An Essential Role for the PolI Genes in Higher Plants

Our understanding of plant organelle DNA replication is still very incomplete (Bendich, 2007; Nielsen et al., 2010). This is largely due to our ignorance concerning some of the most basic factors, such as DNA polymerases, that contribute to this fundamental process in plants. Many studies have suggested that the PolI-like DNA polymerases found in higher plants are responsible for most if not all the DNA-synthesis activity found in mitochondria and plastids (Kimura et al., 2002; Mori et al., 2005; Ono et al., 2007). This is based on the biochemical properties of the recombinant proteins, which indicate that these enzymes have sufficient processivity to be able to replicate both genomes. In addition, the measured in vitro characteristics of these enzymes correspond almost perfectly to those measured ex vivo from the purified DNA-synthesis activity of mitochondria and plastids (Spencer and Whitfeld, 1969; Sala et al., 1980; McKown and Tewari, 1984; Heinhorst et al., 1990; Meissner et al., 1993). All these elements, plus the fact that they are present in both organelles (Elo et al., 2003; Christensen et al., 2005; Mori et al., 2005; Ono et al., 2007; Wamboldt et al., 2009), suggest that the PolI DNA polymerases are responsible for DNA replication in plant organelles.

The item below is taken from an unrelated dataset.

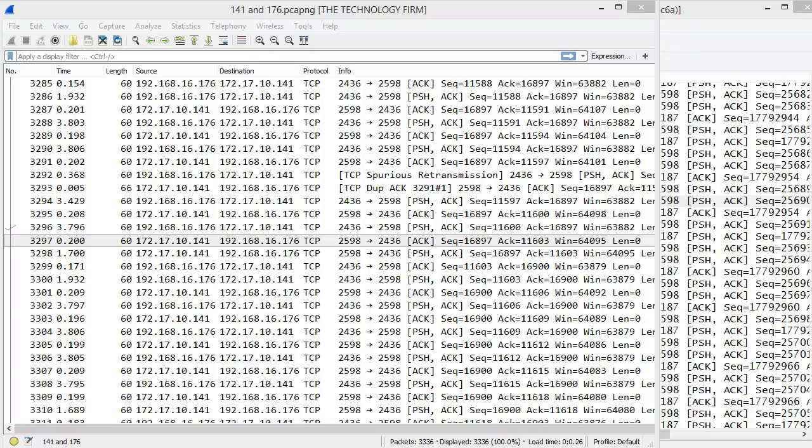Good day it's Tony Fortunato from The Technology Firm. In this video I'm going to show you how to work around a little issue that just popped up with the recent Wireshark automatic updates.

In this study, we bring further arguments to support a role for PolI proteins in the replication of ptDNA and mtDNA. Using Arabidopsis mutant plants for the PolIA and PolIB genes, we show that concurrent mutation of the two genes is lethal, indicating that they share an essential function in plants. Furthermore, each gene is able to partially compensate for the function of the other gene as all single PolI mutants tested are viable. However, the fact that the polIb-2 line displays a growth retardation phenotype suggests that PolIA cannot entirely compensate for the function of PolIB, or that PolIB carries another function not shared by PolIA.

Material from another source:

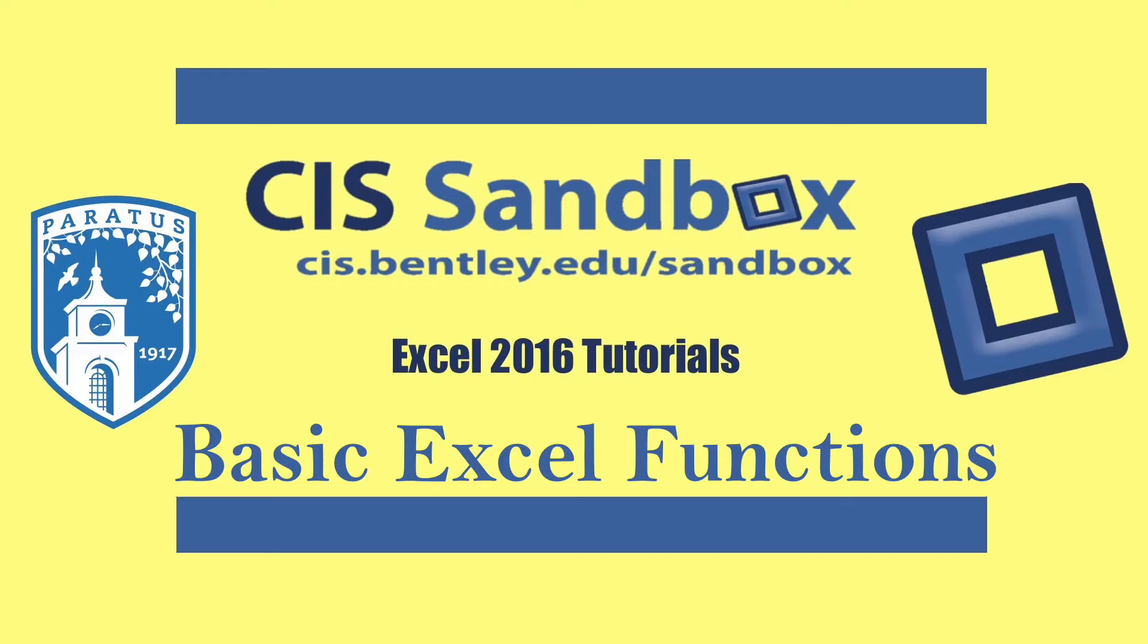Hi, welcome to this Excel 2016 video presented by GIS Sandbox at Bentley University. My name is John and we'll be talking about basic Excel functions today.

A role for the PolI proteins in DNA replication is also supported by our results showing that, as compared to wild-type plants, the relative level of organelle DNA is reduced in plastids and mitochondria of both polIa-1 and polIb-1 plants. The reduction is most pronounced at 3 d postgermination, which is consistent with expression data showing that the PolI genes are most highly expressed in young, meristematic tissues (Kimura et al., 2002; Mori et al., 2005; Ono et al., 2007). These results are also in line with previous studies showing that DNA replication in organelles is highly active in 3-d-old Arabidopsis seedlings (Fujie et al., 1993, 1994). Our results therefore provide a functional link between the PolI genes and DNA accumulation inside plant mitochondria and plastids.

Interestingly, the ratios of organelle to nuclear DNA appear to decrease in wild-type plants between day 3 and 5 (Fig. 2; Supplemental Fig. S1). This could either mean that nuclear DNA ploidy is increasing or that organelle DNA is less abundant in cells of older seedlings. However, since wild-type and mutant plants of the same age are being compared, any variations in nuclear or organellar DNA levels should not affect our results. It is interesting that previous studies reported a similar trend for ptDNA (Zoschke et al., 2007) and mtDNA (Preuten et al., 2010) ratios in aging cotyledons of Arabidopsis, although different samples were used in these studies (cotyledon alone versus whole seedling with roots).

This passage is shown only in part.